Ambas mujeres atribuían la súbita partida de José Ángel a su hábito de observar con prismáticos, sin ocultarse, a las bañistas de la piscina municipal, arguyendo, si se terciaba, que los viajeros del tiempo tienen sus propias normas y, sobre todo, que las mujeres contempladas, lejos de sentirse molestas, le mostraban gratitud.

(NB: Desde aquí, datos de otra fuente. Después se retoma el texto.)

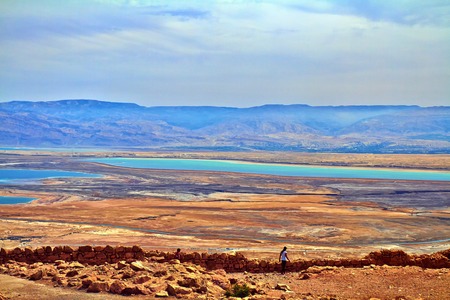 Photo of view of the Dead sea from a height from Masada, Israelの写真素材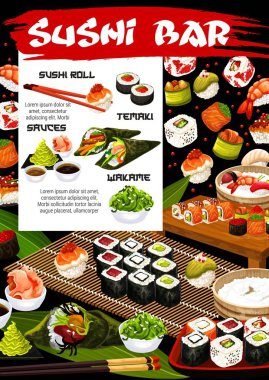 Japon suşi rulo, deniz ürünleri temaki ve soslar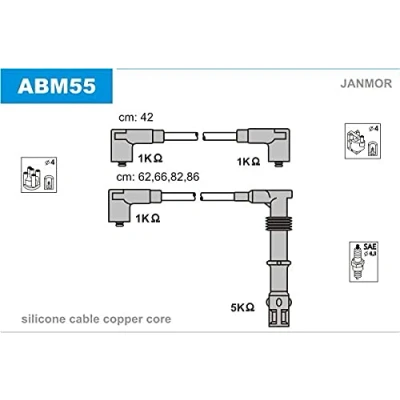 Afbeelding van JANMOR ABM55 Bougiekabelset SEAT: Ibiza 2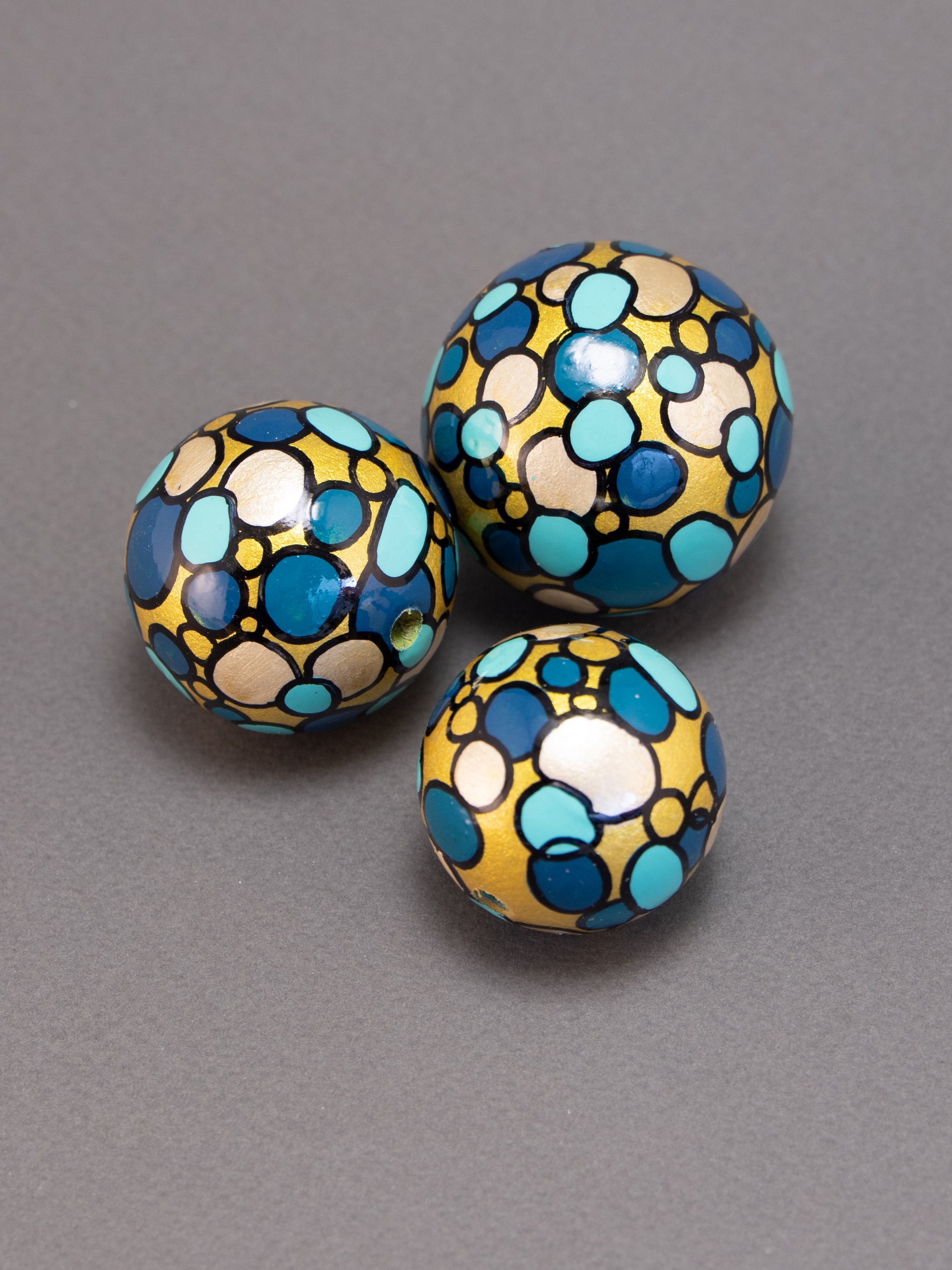 Turqoise  Rapsody Wooden Bead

Al parecer, dicha gratitud, que se expresó de diversas maneras, en ocasiones, muy tiernas, enconó a algunos varones, conjurados para "escarmentar al futurista ese de los cojones", según escuchó Ariadna. Esta, por otra parte, me confió que su oficio le había enseñado "la atemporal universalidad del voyerismo", del que ella no era una excepción, "aunque practicándolo con el disimulo propio de la cultura actual".

La catedrática lo tenía claro. "Por culpa de esos tarugos, he perdido a José Ángel". Así oí que se lo confesaba a un estudiante por el que se dejaba consolar, con tanta dulzura, como amargura sentía la mujer cuyo contacto me había llevado hasta allí, a la que la ausencia del prófugo le había hecho concebir esa esperanza vana que gozan las pasiones no correspondidas.